41 Days to the Exuma Islands

Our smaller adventure inside the bigger adventure is getting closer.

In just a bit over forty days Charlotte and I will be off to the Bahamas to charter a boat, spend lovely time with each other and learn how to sail together. Or, if things don’t go as we hope: enjoy a week of seasickness, sunburns, strange skin rashes, stomach problems and (aww so cute but wait what are they doing?!) angry pigs. It’s hard to know beforehand.

It’s getting closer, though! And we’re clearly getting more jitterish. 

Chartering in the Exumas

There are surprisingly few chartering companies operating out of Nassau and New Providence, the most suitable place to start when heading south towards the Exuma islands. We’re using Navtours, located on the southeast side of the island, in the very modern and recently constructed Palm Cay Marina.

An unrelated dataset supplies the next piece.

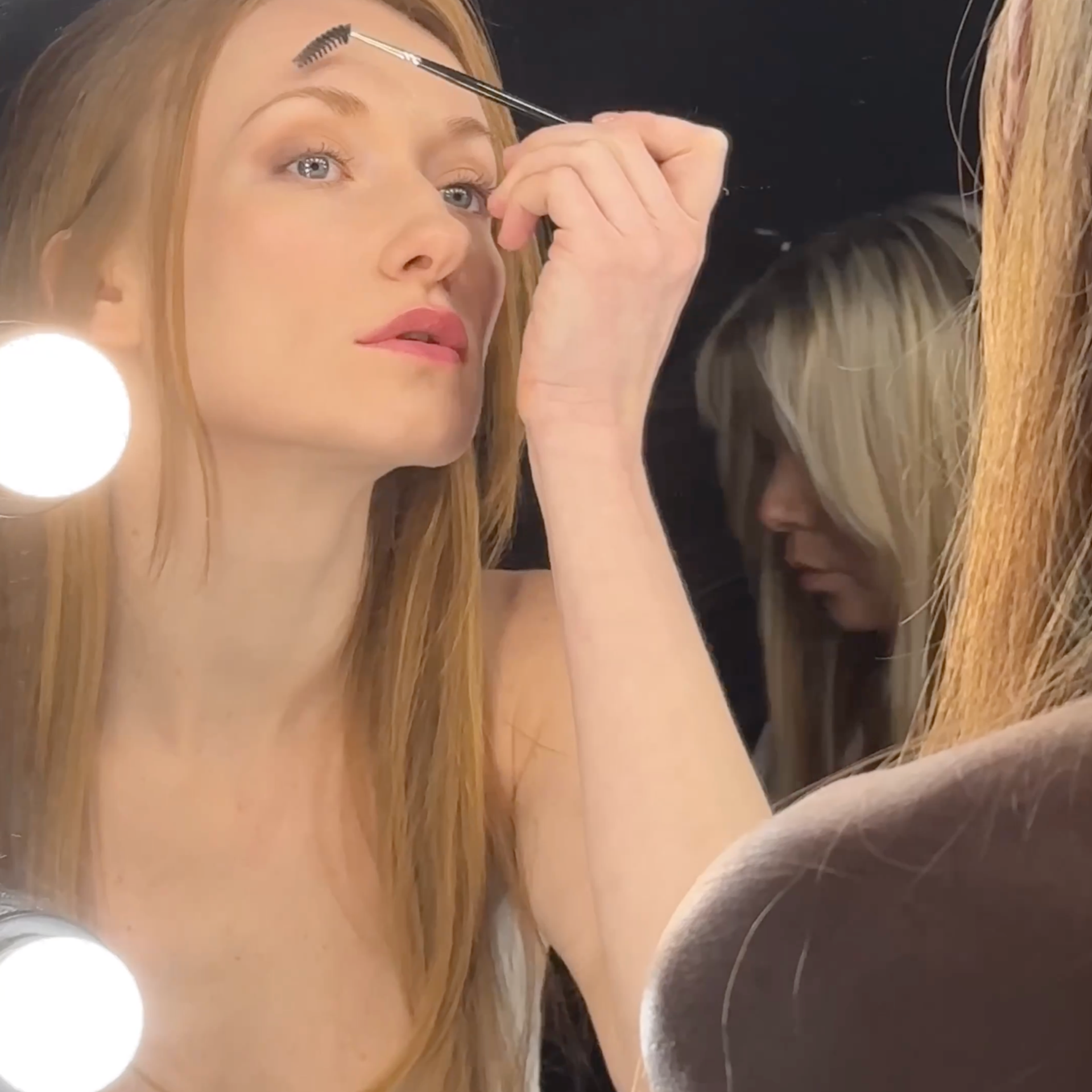 Алина актёрские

The chartering part is easy: just find a free boat on the website and make the reservation. The reservation is confirmed by paying 30% of the chartering fee, with the rest being due about a month before the charter starts. 

What isn’t really easy (or wasn’t for us) is to find good flights there and back from very very far away. Most have either ridiculously long flight times (the ridiculous sign lights up when a one-way flight is more than thirty hours), or insanely expensive seat prices.

(Tribute to the movie Spaceballs in the previous paragraph! “We break for nobody!”)

But eventually we hit the ENTER button and so on the 27th of December at 2:10 pm we will leave from Helsinki, fly through New York and Miami and, about 15 hours later, arrive in Nassau at 11:44 pm local time. Just barely staying inside one calendar day 🙂 

We’ll take a taxi from the airport to Palm Cay Marina and (as soon as possible) settle in for a good night’s sleep on the yacht we’ve chartered. It’s a Dufour 382 Grand Large and I think it’s the one called Taonga (“a treasure in Māori culture”, says Wikipedia). 

Next morning we’ll do the official check in, go to the grocery store and buy a lot of this and that and a gazillion bottles of water, and then … then we’ll hear our hearts beating quicker as we start the engine and the Navtours people start untying our docking lines..

And then we’re away. And out there, all on our own.

41 days to the Exuma islands, and counting. Ahoy, here we come!